Colombo Telegraph

A Strategic Management System For Sri Lanka’s Governance!

By Lionel Bopage

This refers to the weekly Cabinet news briefing by Sri Lanka’s Joint Cabinet Spokesman and Health Minister Dr Rajitha Senaratne. In his briefing, reference has been made to certain Ministers sabotaging the anti-corruption drive, inefficiency and treachery etc. Please listen to the interview below:

This government has now been in power for about 18 months. However, it does not appear to have developed any strategic measures to handle or manage this pathetic situation! The government’s rhetoric alone does not help. The President, Prime Minister, Foreign Minister and some others have been to many talk shops and tours both locally and globally, but any strategic movement towards successful outcomes are yet to be seen by anybody.

A suggestion would be to, with professional help, develop a monthly updatable, simple Cabinet Scorecard for Sri Lanka. Though this is an old management tool, originally defined by Kaplan & Norton in the early 1990s, nowadays it has been developed and used by many agencies in the private sector, public sector and the not for profit sector and in many countries of the world!
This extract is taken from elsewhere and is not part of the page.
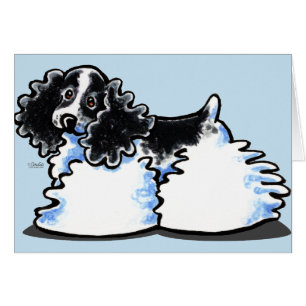 Black White Parti Cocker Spaniel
Originally, this tool was used only to measure financial performance, but in its modern format, it encourages people satisfaction measures; government business improvement measures and new measures needed for learning and growth, in addition to a few relevant high-level financial measures.

An updated Scoreboard would assist each Minister in running an efficient ministry. As updates will be made available for public scrutiny, such a tool, despite its deficiencies, will become useful and serve to motivate, implement and monitor progress each ministerial portfolio has achieved. This will help the people, President, the Prime Minister and others to keep track of what happens in the country as a whole, and will serve as a strategic management system to implement strategy at all levels of the government.
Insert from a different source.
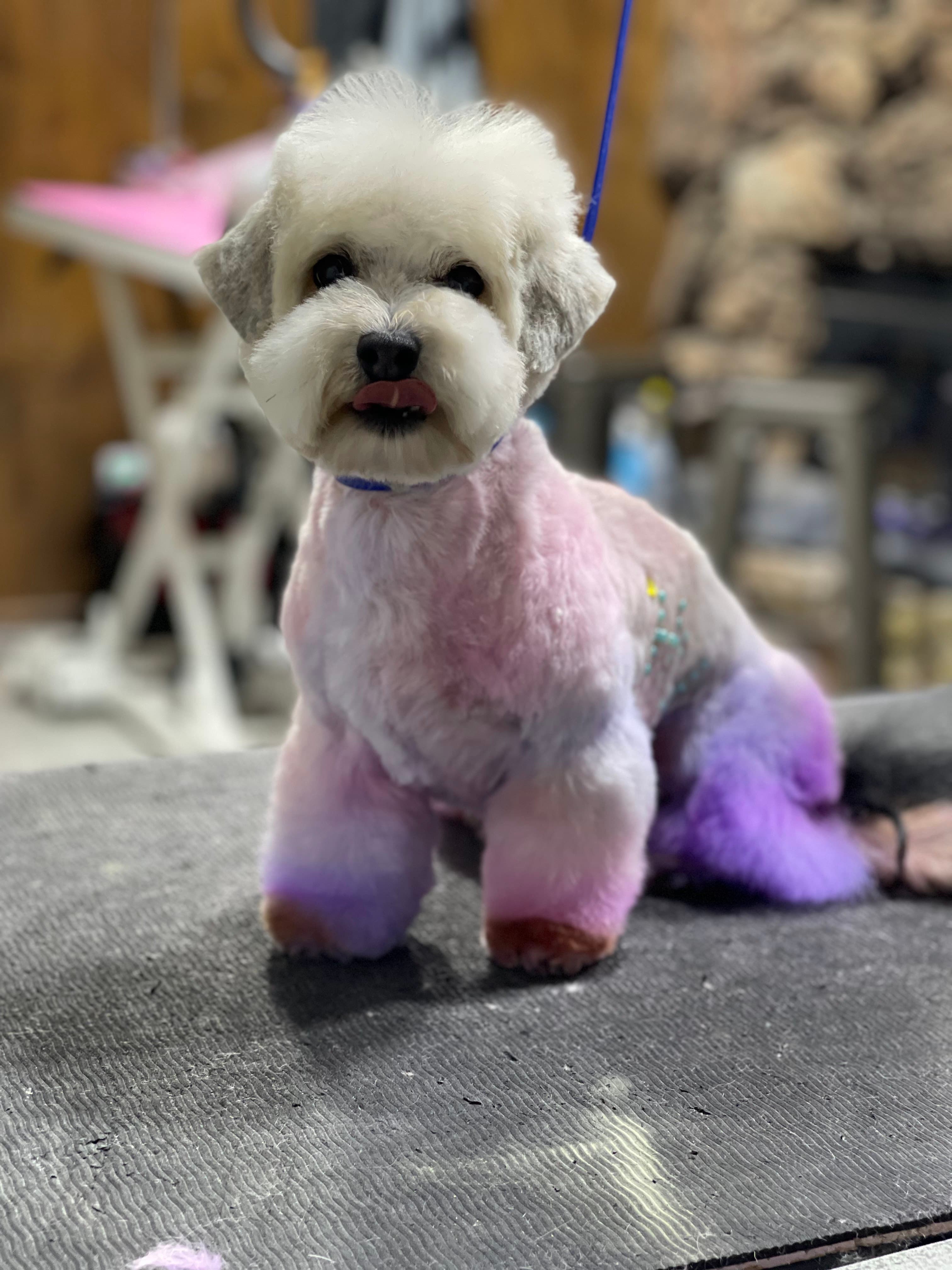 The Pet Spa At Laguna - Pet groomer in Elk Grove, CA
If the government continues to fail in its commitment of fulfilling its election commitments to the people of Sri Lanka, then it is time for civil society advocacy groups to develop such scorecards for each ministry. Such an exercise will undoubtedly serve as an educative tool for such groups to endorse or disendorse certain candidates based on their efficiency and performance. It will also help the ordinary Sri Lankans in their election decision-making process.

Without a strategy monitoring mechanism, it will remain the same; one of the most lethargic and inefficient governments in the world. Another round of frustration and disenchantment is not allowable at this crucial moment!